Carbohydrate administration rapidly regulates hepatic mRNA-S14 content. Both sucrose and fructose but not glucose increase the transcription of hepatic mRNA-S14 in vivo. In primary hepatocyte cultures, mRNA-S14 transcription responds to either fructose or glucose. To test the hypothesis that the difference in hexose response is due to differences in cellular metabolism, we studied the regulation of this gene with a transient transfection assay system in Chinese hamster ovary (CHO) cells, hamster pancreatic β-cells (HIT), and primary hepatocytes.
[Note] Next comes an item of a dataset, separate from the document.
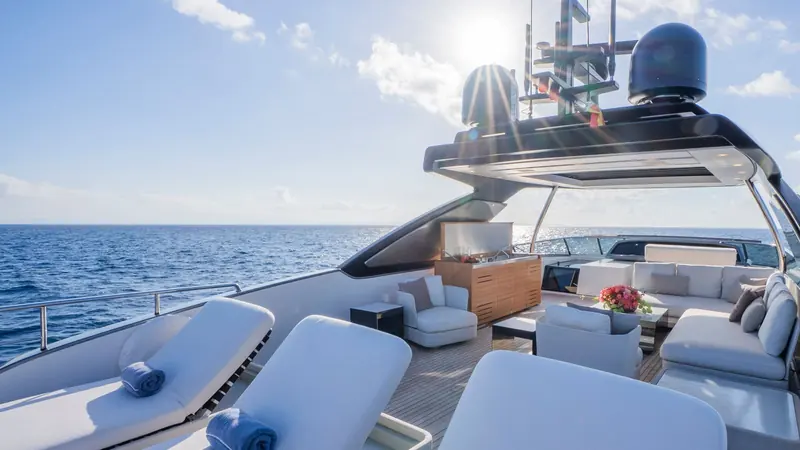 The flybridge, with a wet bar, forward sunpads and an L-shaped seating group aft.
In HIT cells, glucose stimulation of the expression vector pS14CAT(5 kilobases [kb]) containing 4.9 kb of 5′-flanking DNA was threefold greater than fructose. Glucose also gave a fourfold greater response at 27.5 mM than at 2.2 mM. In CHO cells, pS14CAT(5 kb) showed a twofold greater response to fructose than to glucose. The differential response to the hexoses in the two cell lines is a result of cell-specific metabolism. Without glucose in the media, both CHO and HIT cells used pyruvate for energy. However, glucose addition to CHO cells enhances glycolysis and hexose shunt pathway activity while inhibiting pyruvate oxidation and S14 gene transcription. In contrast, addition of glucose to HIT cells leads to enhanced tricarboxylic acid cycle activity to oxidize pyruvate and an associated stimulation of S14 transcription. We confirmed these conclusions in primary hepatocyte cultures. Addition of 27.5 mM glucose led to a twofold increase in endogenous mRNA-S14 accumulation, a twofold increase in transfected pS14LUC (5 kb) activity, and a parallel twofold increase in pyruvate oxidation. Thus, the different transcriptional responses of the S14 gene to fructose and glucose are attributable to cell-specific metabolism. Our data show that the metabolic regulation of mRNA-S14 gene transcription correlates with the rate of cellular pyruvate oxidation.